The BEA’s Personal Income and Outlays report shows personal income rose 0.4% but consumer spending rose a scant 0.1% in February.
The weak rise in spending is fresh on the heels of a weak 0.2% rise in January.
Personal income increased $57.7 billion (0.4 percent) in February according to estimates released today by the Bureau of Economic Analysis. Disposable personal income (DPI) increased $44.6 billion (0.3 percent) and personal consumption expenditures (PCE) increased $7.4 billion (0.1 percent). Real DPI increased 0.2 percent in February and Real PCE decreased 0.1 percent. The PCE price index increased 0.1 percent. Excluding food and energy, the PCE price index increased 0.2 percent. The increase in personal income in February primarily reflected increases in wages and salaries and
rental income of persons.
The decrease in real PCE in February primarily reflected a decrease in spending for services that was partially offset by an increase in spending for nondurable goods.

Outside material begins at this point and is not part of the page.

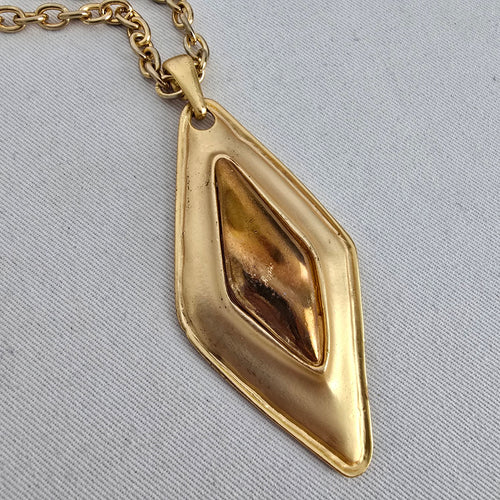 Vintage Gold Tone Geometric Pendant Necklace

Personal outlays increased $7.5 billion in February. Personal saving was $808.0 billion in February and the personal saving rate, personal saving as a percentage of disposable personal income, was 5.6 percent.
Real Spending Down Again
If the Fed expected consumers to spend more because consumers are confident or inflation is up, they were totally off base. For the second month consumer spending was negative.
This report is likely to take a bite out of first quarter GDP estimates.
Yesterday, I noted the Third Estimate of 4th Quarter GDP Increased Slightly to 2.1% thanks to increased consumer spending. It didn’t last.